Vision has come a long way since 1984, when Singleton began working in Analog Devices’ industrial automation division’s machine vision product groups. A vision system went for $30,000 to $40,000, and typically companies made proprietary systems. “In terms of being able to get something at a good price, you were at the mercy of that developer,” Singleton says. Now the industry has shifted to smart cameras and PC-based vision with standard, off-the-shelf products. Those same types of systems would be less than $1,000 today.
Ease of use and processing power have also dramatically improved. Previously, manufacturers did not want to roll out their own vision system. “Now the smart camera basically is the vision system,” Singleton says. “It’s easier to implement, especially for application-specific solutions.” With these ready-to-go systems, the use of vision is more widespread. In many vision applications, “You don’t have to have an automation engineer, vision guru or systems integrator,” says Singleton, who maintains that there will always be a need for integrators in complicated implementations. Now systems are usually set up so the typical manufacturing person can implement vision-they know the process, what needs to be done and what the vision system has to interface to.

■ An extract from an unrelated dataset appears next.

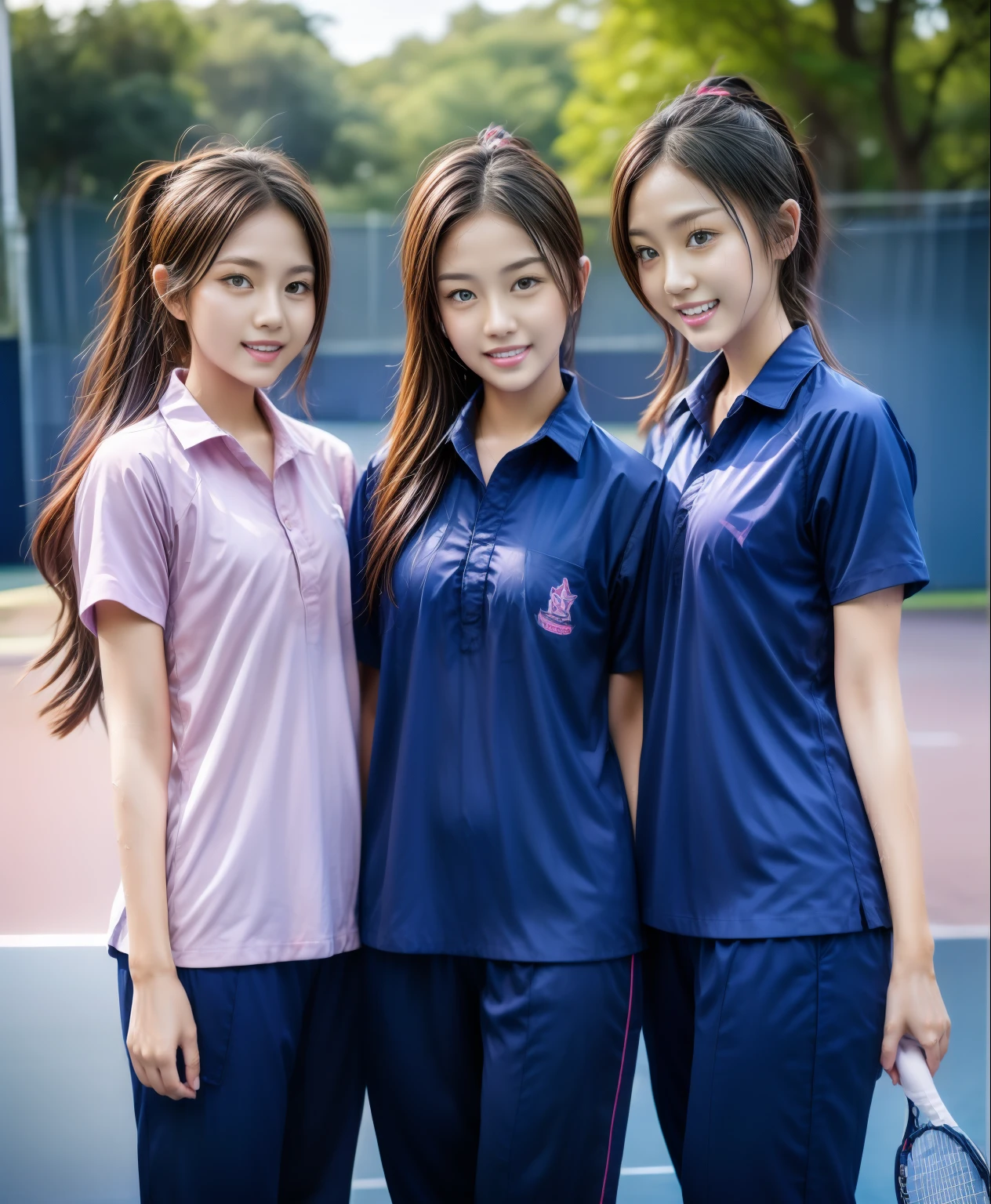 3 girls play tennis at tennis courts, Navy blue short-sleeved shirt,Navy Long Trackpant,Sweatpants, Sweatpantsขายาว,2 girl, lesbian, sexy, exercise clothes, wet body, exercise clothes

Now companies are introducing neural network technology-self-learning systems that are specifically tailored to target particular tasks. “It’s been hyped for years, but they didn’t really work,” Singleton says. “In the past, general purpose systems didn’t really know what needed to be done.” Companies would pay a lot for the system and wanted it to handle many different tasks. For example, they would try to bundle assembly verification and color inspection together, which didn’t work. Now companies focus on specific applications.
With price dropping dramatically, along with easier-to-use products, there has been an increase in the number of people able to use machine vision systems, Singleton says. Previously large operations would use vision because it was essential to their operation. Now even mom-and-pop label manufacturing shops, for example, can get a vision appliance dedicated to label inspection, without hiring a new employee.
Vision systems are doing a lot more-improving algorithms, increasing processing power for color processing, texture analysis, and combining 2-D and 3-D. Singleton predicts more widespread use of 3-D vision, and 3-D smart cameras in particular. He also forecasts more applications being addressed that involve X-ray or infrared imaging, and more companies providing integrated vision and motion solutions.
- In terms of software, well-designed GUIs are making software easier to set up and use.
- Ongoing developments in the PC arena-faster processors, faster busses, migration to 64-bit processing, multiprocessor systems, dual core systems and new connectivity standards-continue to increase the PC’s appeal as an implementation platform for vision solutions.
- Camera models with CMOS (complimentary metal-oxide semiconductor) sensors will continue to take market share from those that use CCD sensors. Widely used in consumer products such as imaging-capable cell phones, the properties and performance of CMOS sensors will steadily improve-resulting in lower cost cameras suitable for use in addressing increasingly more vision applications.